2. The electrically operated toilet flushing device of claim 1, wherein said first switch means for maintaining said solenoid in its energized state is located on said first lever.
3. The electrically operated toilet flushing device of claim 1, wherein said second switch means for electrically de-energizing said solenoid is located on said second lever.
4. The electrically operated toilet flushing device of claim 1, wherein a biasing means is mounted on said solenoid, said biasing means restoring said solenoid to a deactivated position when said solenoid is de-energized.
5. The electrically operated toilet flushing device of claim 1, wherein a monitor light indicating that said water supply valve is open is placed external to said tank.
6. The electrically operated toilet flushing device of claim 5, wherein a third switch means for activating said monitor light is mounted on said second lever, said light activating means being made operational when said float is below its uppermost position.
7. An electrically operated toilet flushing device of claim 1, further comprising:
a source of electrical voltage;
a first current path including said source, said energizing means and said solenoid connected in series; and
a second current path including said source, said first switch means, said second switch means and said solenoid connected in series, said first switch means comprising a normally open switch which is closed in response to rotation of said first lever by energization of said solenoid, said second switch means comprising a normally closed switch which is opened in response to said float achieving its lowermost position.
8. An electrically operated toilet flushing device of claim 1, further comprising:
a monitor light provided external to said tank, said light indicating that said water supply valve is open;
a third switch means for activating said monitor light, said third switch means being mounted on said second lever; and
a third current path including said source, said third switch means and said monitor light, said third switch means comprising a normally open switch which is closed in response to said float being lowered below its uppermost position.
Description
BRIEF SUMMARY OF THE INVENTION

This invention relates to an electric flush tank, which is electrically operated, thus replacing the conventional mechanical type of flush tank.

BRIEF DESCRIPTION OF THE DRAWINGS

FIG. 1 is a sectional view of this invention in its normal condition.

FIG. 2 is a sectional view of this invention during flushing.

FIG. 3 is a side view of this invention.

FIG. 4 is a schematic diagram of the circuit of this invention.

DETAILED DESCRIPTION

This invention provides an electrically operated flush tank, which may be used to replace a conventional mechanical type of flush tank. At a suitable spot in the outer wall of the water tank, a button switch and a pilot or monitoring light are installed. The flushing valve in the water tank is controlled by a crank that is further controlled by a solenoid, and on the said crank and floating ball rod, some micro-switches are installed for controlling the flushing, storing water, and water leaking.
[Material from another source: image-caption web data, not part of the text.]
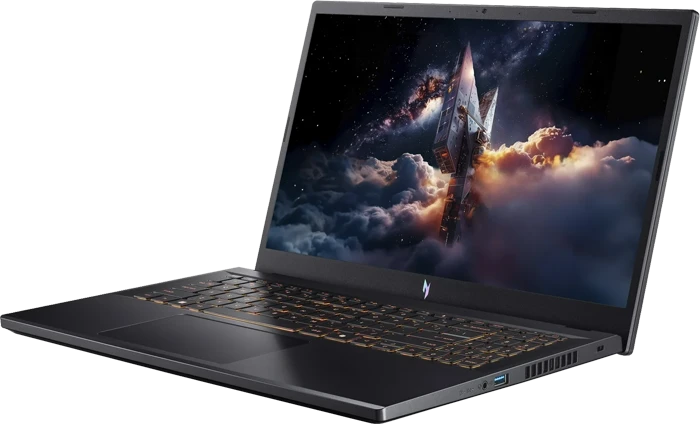 لپ تاپ گیمینگ 15.6 اینچ Acer مدل NITRO V 15-ANV15-52-92DD NH.QZ8EM.001 (i9 13900H-16GB-512GB-RTX5060-FHD-Backlit)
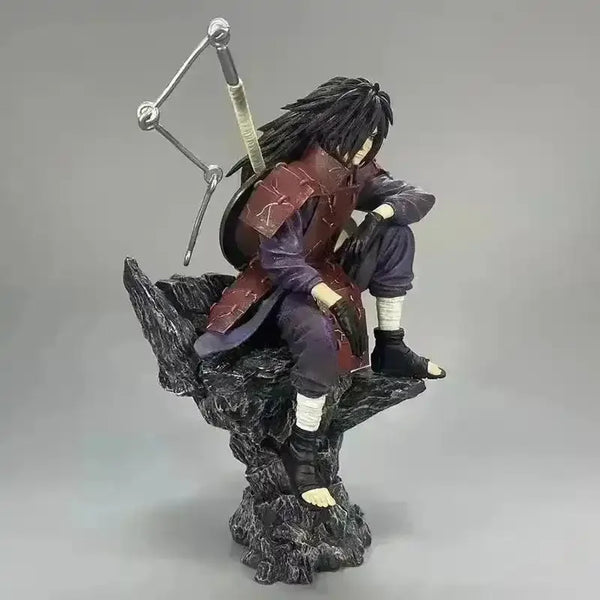 Naruto Uchiha Madara Action Figure (28 cm) - Bear Hugs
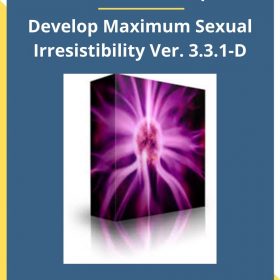 Subliminal Shop – Develop Maximum Sexual Irresistibility Ver. 3.3.1-D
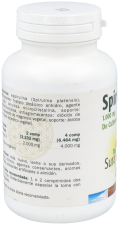 Spirulina 100 Tablets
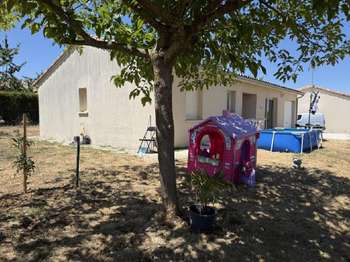 Vente Maison 3 chambresVerteuil-sur-Charente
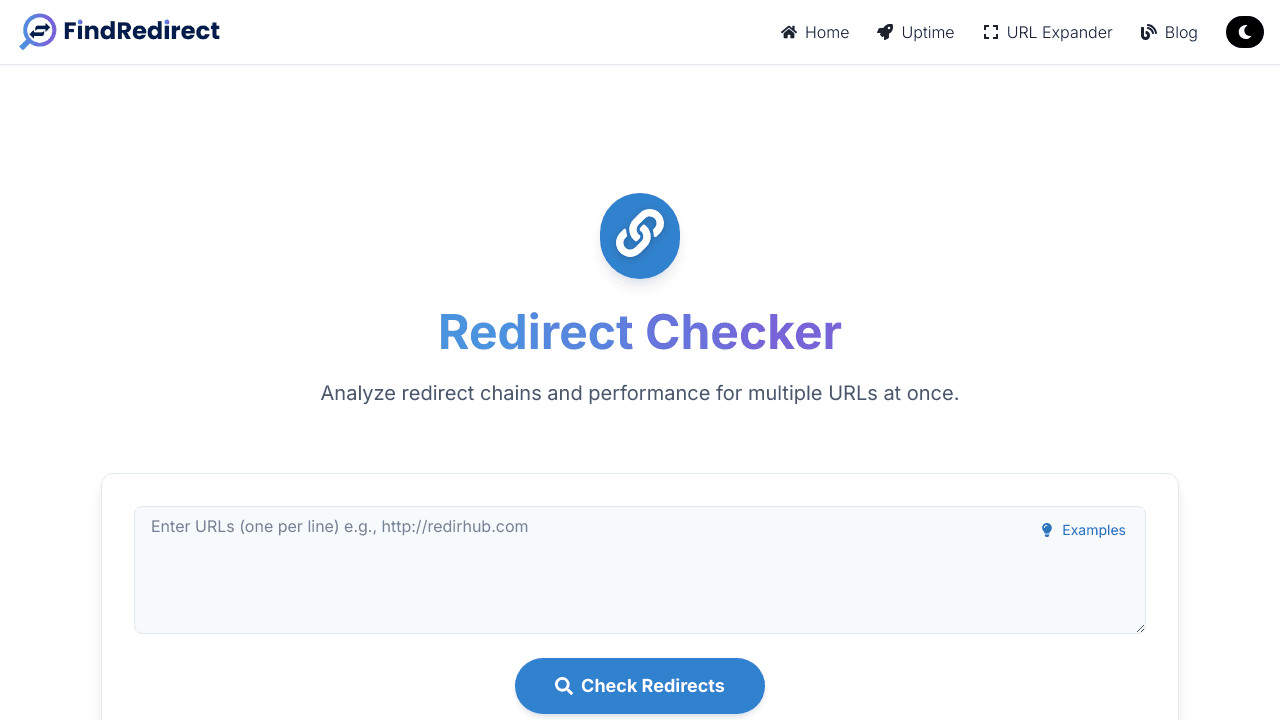 FindRedirect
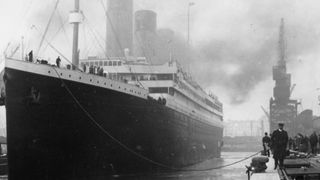 New episodes of How It Really Happened tackle the sinking of the Titanic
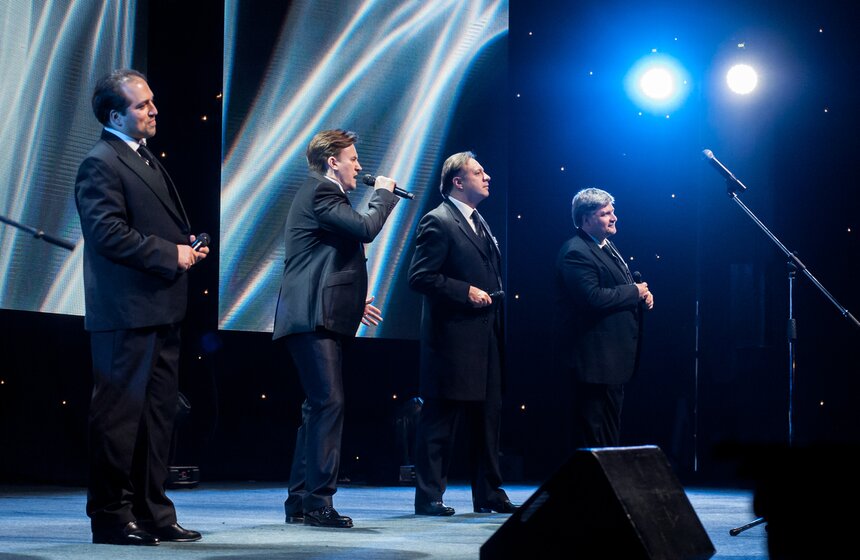 В Москве состоялось открытие юбилейного сезона Дома кино 12 фото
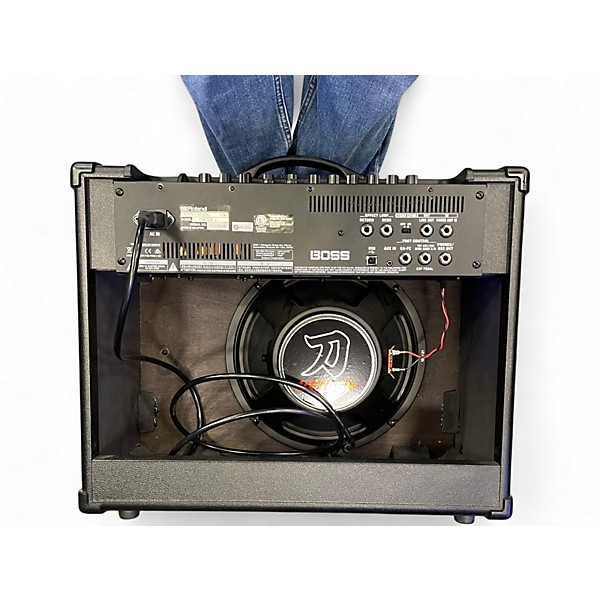 Used BOSS Katana 100 100W 1X12 Guitar Combo Amp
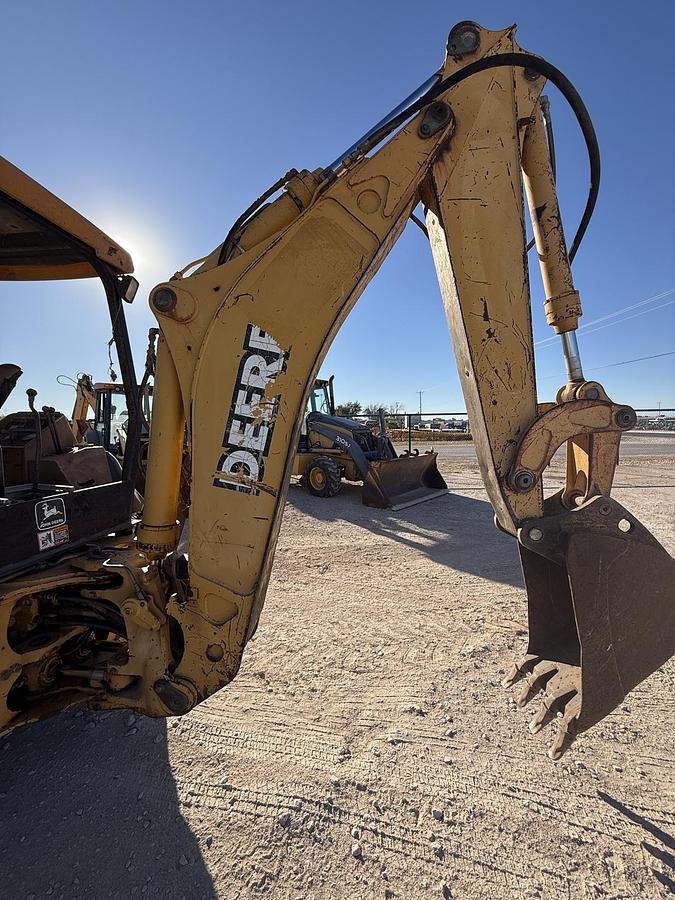 Used 2015 JOHN DEERE 310 SE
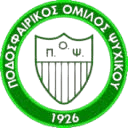 PO Psychikou logo - Petroupolis VS Po Psychikou Live Score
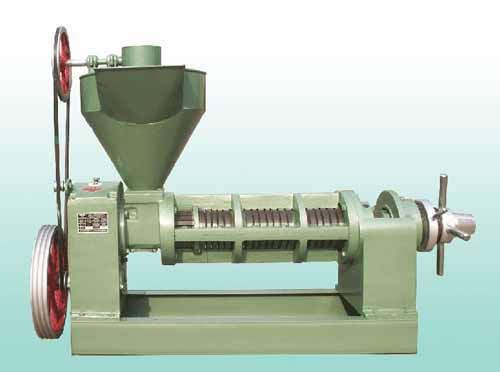 125型油菜籽榨油機(jī) 125型油菜籽榨油機(jī)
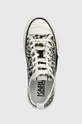 μαύρο Πάνινα παπούτσια Karl Lagerfeld KAMPUS MAX III
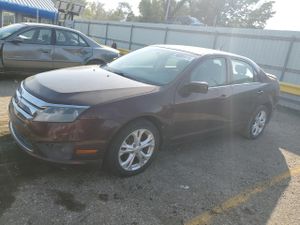 Ford Fusion SE 2.5L 4 2012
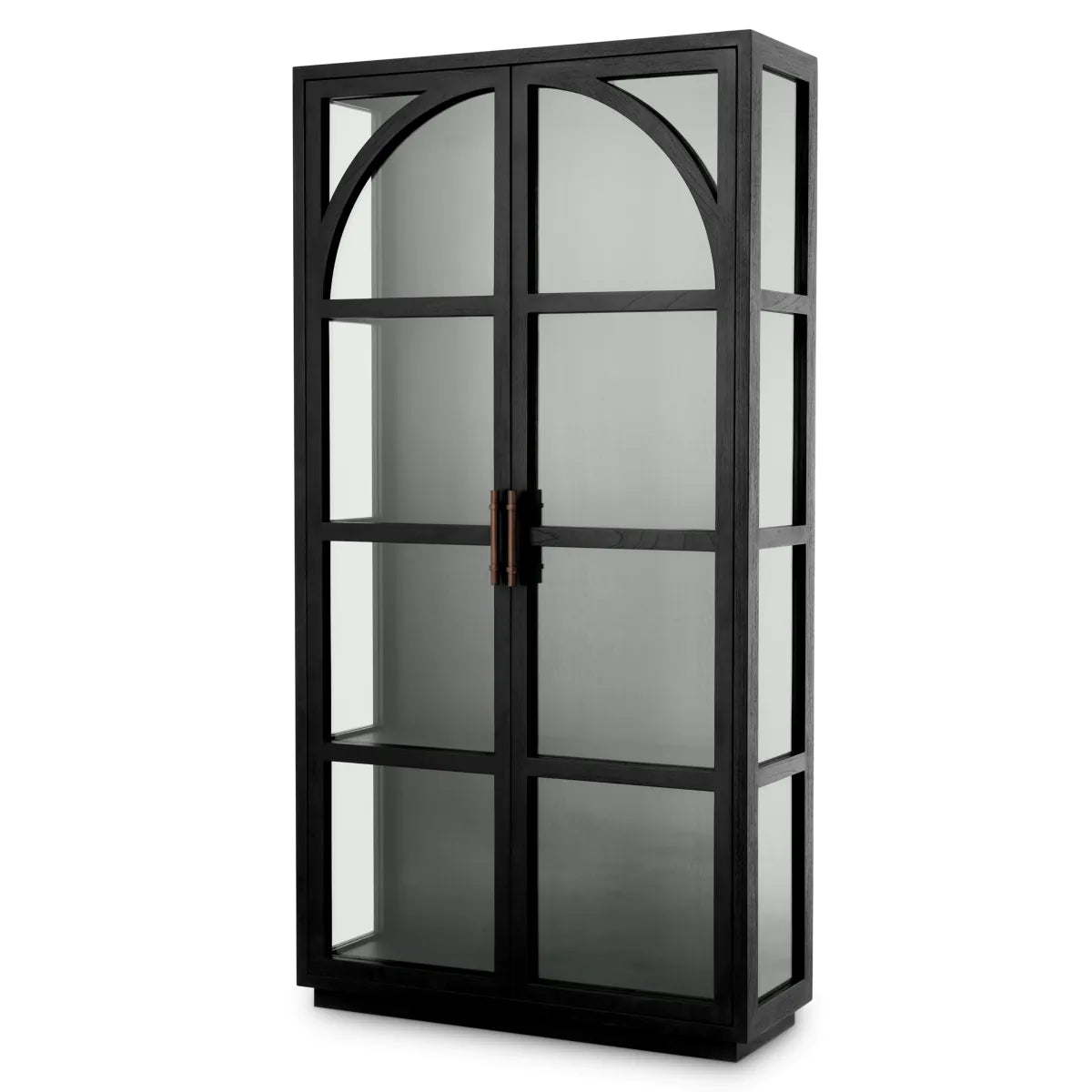 Eichholtz wall cabinet Bernardino black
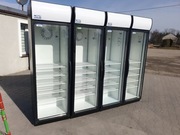 Witryna chłodnicza-cukiernicza 60 cm NoFrost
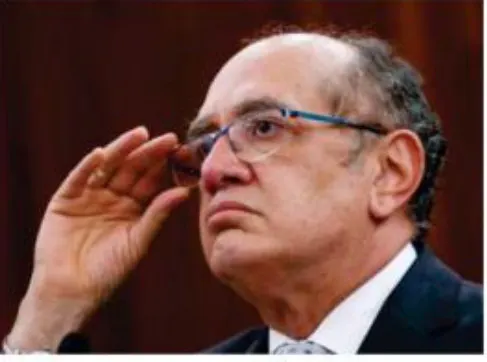 Ministro do STF condenou investigações contra magistrados “Investigação sim, abuso não”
When operating the conventional mechanical type of flush tank, one needs to push a handle located outside the water tank so as to release the flushing valve. In the conventional flushing valve, there is a small floating ball which is used for closing the flushing valve during replenishing water to the tank; however, the conventional type of flush tank is liable to have trouble because of its frequent operation, and since the repair cost is rather high, it does annoy the user from time to time. Moreover, since the conventional type of flush tank has no water-leak indicator, the noise of water leaking would annoy the user, and even worse, the leaking is not easily discovered and as a result, the figure on the monthly water bill is higher than ever. Further, the valuable water resources have unreasonably been wasted. In view of the aforesaid facts, the inventor has made some improvements on the conventional flush tank with an electric flush tank. The purpose, function and features of this invention are, together with the aid of the drawings, further described as follows:

As shown by figures, this invention mainly comprises a flush hole 10, water inlet 20, floating ball 30, microswitches A, B, D, a solenoid E, button switch C, and pilot or indicator light F. The flush hole 10 has a lid 11, of which one end is fixedly mounted, and the other end is connected with the crank 12; the crank 12 is fixed at point "13", but it can be swung up and down; also, on the crank, a contact point of microswitch B is furnished. Since the microswitch B is a normally open switch, as shown in FIG. 1, the switch is in the open state when the tank is filled with water and the flush hole closed. When flushing, as shown in FIG. 2, the crank 12 rises and contacts the switch B, causing it to revert to the "close" circuit state. Since the crank is controlled by the solenoid, whenever the solenoid is energized, it will pull the crank rightwards; then, the crank rises as shown in FIG. 2. When the switch B is in its closed state, the lid 11 is lifted upwards for flushing. When the solenoid is de-energized, the crank 12 will go downwards and leftwards as a result of the extension effect of spring 14, and the flush hole 10 will be closed; simultaneously, microswitch B will revert to its normal open state as shown in FIG. 1. Beside the flush hole 10, a pressure bleeding pipe 15 is installed for equilibrating the surface pressure of water in the tank.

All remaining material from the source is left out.